The End of Life Choice Act, backed by voters in a referendum conducted alongside the last general election, is scheduled to come into effect on November 7.
Health Minister Andrew Little said 10 days ago that members of all statutorily required committees had been appointed, and funding was in place to ensure assisted dying services were available equally to everyone.
In an article published in the New Zealand Medical Journal today, a group of medical, legal and political academics, most of whom work for the University of Otago, said it was vital that proper training was put in place for clinicians working in the new system, and that research to evaluate and improve the system was planned for and ongoing.
"Collecting the experiences of health practitioners, both those exercising their freedom of conscience, as well as in-principle supportive providers and conscientious participants, will also be useful," the article said.
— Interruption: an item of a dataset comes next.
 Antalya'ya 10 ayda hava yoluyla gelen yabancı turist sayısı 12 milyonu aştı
"When the Act is reviewed in three years, it will be important to know the support, informational and other needs of providers.
"One concern voiced by health practitioners is that public trust in them will change."
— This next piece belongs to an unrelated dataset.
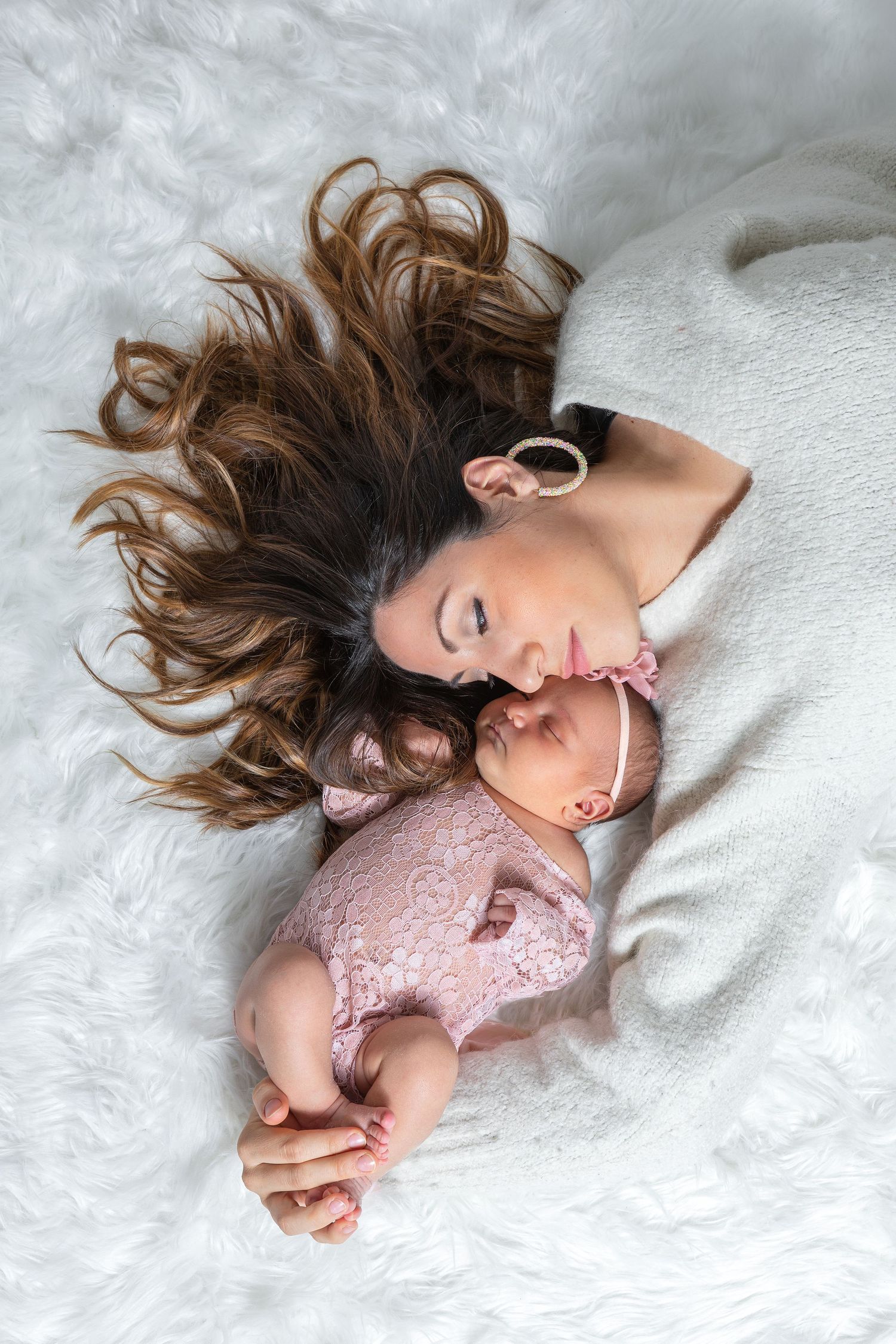 Servizi fotografici di Newborn, Maternità, Famiglia, Compleanni, Feste private, Smashcake, Battesimi, Ritratti. Realizzazione Fotolibri.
Although the Act contained no formal requirement for training for health practitioners, it did not preclude it, and a safe and successful implementation of the Act required it, the authors said.
"Clear guidance will be needed to assist providers to determine whether a person is eligible or not and, in particular, guidance will be needed to interpret the scope of the
core criteria that a person suffers a ‘terminal illness likely to end the person’s life within six months’.
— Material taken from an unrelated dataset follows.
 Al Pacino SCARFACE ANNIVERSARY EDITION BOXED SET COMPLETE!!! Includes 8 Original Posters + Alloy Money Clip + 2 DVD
"Training could also usefully cover identifying coercion, navigating competence assessments, including when a psychiatrist should be consulted, and identifying troublesome treatable symptoms, including when to refer to palliative care specialists."
Clinicians also needed to know how much they could say about assisted dying before a formal request was made, as the law said they could not initiate such a discussion or make any such suggestion.
Australian experience, where Victoria had a similar rule, suggested patients thought if a doctor did not mention assisted dying then it was not available and that practitioners were frightened to talk about assisted dying for fear of repercussions, and this should be an area for ongoing research, the authors said.
Other issues which needed monitoring included: characteristics of patients using the Act, number and type of approved and unapproved requests, the effectiveness of methods of assisted dying, how many providers there were and where they were based, and the experiences of practitioners, patients and families of using the system.
"These perspectives are vitally important for an optimal assisted dying system and are also necessary to inform the legislated review after three years," the authors said.
"New Zealand regulators will need data to know whether access is equitable, who is choosing to make use of the law, whether providers are well informed and whether the safeguards are working as intended.
"Transparent reporting will foster trust in the health system as the implications of how this Act is implemented are significant for patients, whanau, health professionals and society."